The update that describes why 4KB of RAM was necessary was interesting to me. In...

seanmcdirmid · on May 3, 2014

Around the same time, I wrote a JVM for the PalmPilot [1]. I think it had to fit into 128K of ram with an additional 256K of memory for data (like the class libraries). I was able to fit the entire JDK 1.0.2 runtime into it by transforming the byte code.

But 4K...wow!

[1] http://lampwww.epfl.ch/~mcdirmid/papers/ghost.pdf

radio4fan · on May 3, 2014

Yep, 4k is pretty wow indeed.

My first computer was a Sinclair ZX81, which only had 1K or RAM, but there was 8K of ROM, and the BASIC interpreter was pretty, um basic.

analog31 · on May 3, 2014

The hardware was interesting too. It bit-banged the video display circuit, leaving only the re-trace interval for general purpose computation, including running BASIC programs. Yet the result was an extremely simple and inexpensive design.

Every early microcomputer had to come up with a solution to the video display problem. As I understand it, the Apple II had a bus architecture that interleaved the clock timing of the video circuit and the CPU, sharing a single bus. The Commodore computers had custom video graphics chips. And so forth.

sitkack · on May 3, 2014

That is amazing. I used a Dallas Semiconductor 8051 with a JVM on it. Can't believe you fit a JVM into 4k of ROM.

k1w1 · on May 3, 2014

Since the product itself is now discontinued (though it did sell for 10 years), I have posted the source code for posterity:

https://github.com/k1w1/javelin-stamp/blob/master/asm/javeli...

Reading back over the assembly code gives me fond memories - but I am glad I don't spend my nights debugging my code with an oscilloscope and flashing LEDs anymore. It is a bit more productive coding in Ruby!

The JVM had some limitations to fit into 4k: no floating point, 16-bit integers and no dynamic linking. There was a PC program that took the Java class files, statically linked them and translated the bytecode to a more compressed form for download to the chip.

sitkack · on May 3, 2014

This is great, reading through it now.

What do you think about Dalvik's register based VM ?

Have you looked http://www.jopdesign.com/ ?

Are you doing anything hardware related these days ?

k1w1 · on May 4, 2014

At the time I wrote this code there was a lot of talk about Java specific processors. Ultimately that was a mistake because Moore's law meant the x86 architecture (and JIT technology) got faster more quickly that anyone could get chips to market.
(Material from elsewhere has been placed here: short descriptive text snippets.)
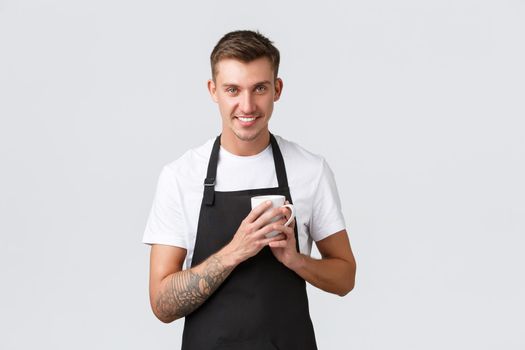 Small business, coffee shop, cafe and restaurants concept. Handsome barista enjoying making coffee, holding mug near heart and smiling cheeky camera, white background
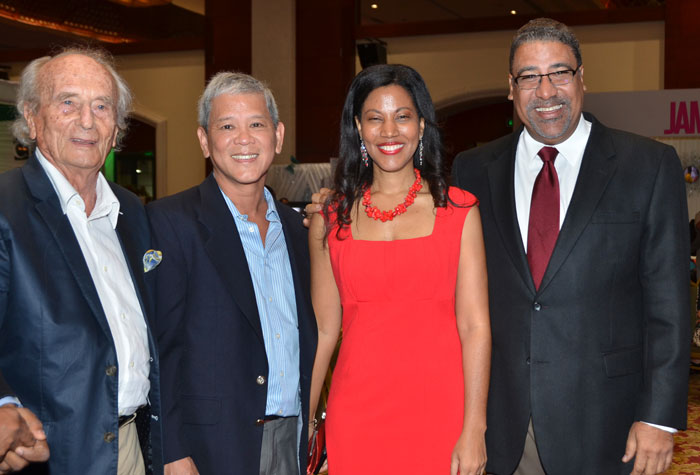 Tourism and Entertainment Minister, Hon. Dr. Wykeham McNeill  (right),  with (from left): former Jamaica Hotel and Tourist Association (JHTA) President, Heinz Simonitsch; Chairman and CEO of the National Baking Company,  Kevin  Hendrickson, and President of the JHTA, Nicola Madden Greig, at the 2015 launch of the Jamaica Product Exchange (JAPEX) Tourism Trade Show, at the Montego Bay Convention Centre, in St. James, on Sunday, September 20.

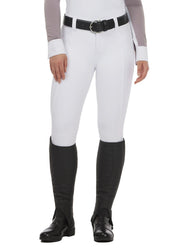 Front view of a model wearing the white Kerrits Affinity Pro Full Seat Breech on a white background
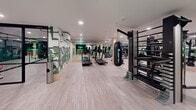 Located at 4722 Rainier Ave S in Seattle, WA, this fitness facility delivers a comprehensive workout environment across a generously sized single-floor space. The interior is thoughtfully designed with light wood-style flooring and wood-wrapped structural columns that lend warmth to an otherwise sleek, modern aesthetic. Recessed lighting throughout ensures consistent, bright illumination across the entire floor.

The main workout area is divided into distinct functional zones. A robust cardio section features treadmills, elliptical trainers, stationary bikes, and rowing machines arranged with ample space between equipment. The strength training zone offers an extensive dumbbell rack spanning a wide weight range, multiple weight machines, a cable system, and a hanging heavy bag for boxing training. Full-length mirrors line the walls, visually expanding the space and allowing users to monitor their form.

A stall bar and multi-functional rig add versatility for bodyweight and functional training. Mounted flat-screen televisions are positioned throughout the floor for entertainment. Exposed ductwork adds an industrial touch near the ceiling in select areas.

The entryway makes a striking first impression with a bold neon "Make It Happen" sign set against a dark feature wall, complemented by a bold green abstract mural that adds artistic character to the space. The overall ambiance is energetic, modern, and well-organized.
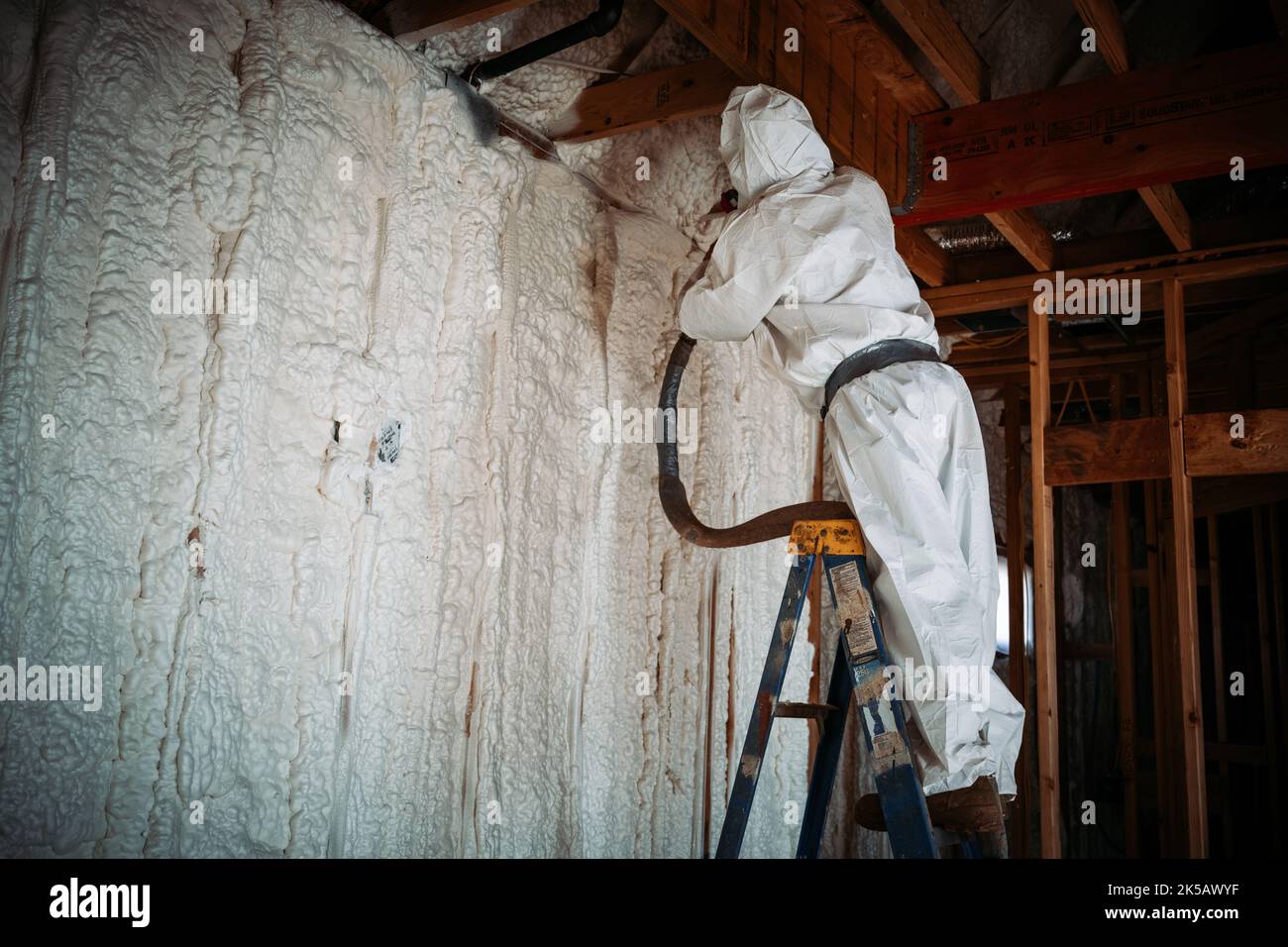 A worker doing spray foam insulation on the walls Stock Photo - Alamy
These days I am about as far from embedded systems as you can get. I write Ruby on Rails code for aha.io. There is a lot of satisfaction in seeing the perfect waveform on your oscilloscope when the assembly code finally works - but these days I think there is much more satisfaction in being able to crank out a complex algorithm with some elegant Ruby and have it being used by customers before going home for dinner.

sitkack · on May 3, 2014

I don't yet understand how you did memory allocation. Could you give me a pointer?

k1w1 · on May 4, 2014

Well, it was 16 years since I wrote most of this so my memory is a bit fuzzy...

The stack and heap are both stored in an external 32kB SRAM. The stack is accessed simply by pushing and popping using the JVMPush and JVMPop routines around line 4553. The CPU is 8-bit, bit the JVM is 16-bit, so everything takes two operations to write both bytes. You can see the stack frame format at line 48.

Java objects and arrays are allocated on another stack that acts as the heap. Objects are allocate only - they are never freed. This isn't as big a deal as you might think since in embedded applications the code tends to just repeat the same operations over and over so you write your code to reuse the same instances instead of allocating new objects (which is slow anyway).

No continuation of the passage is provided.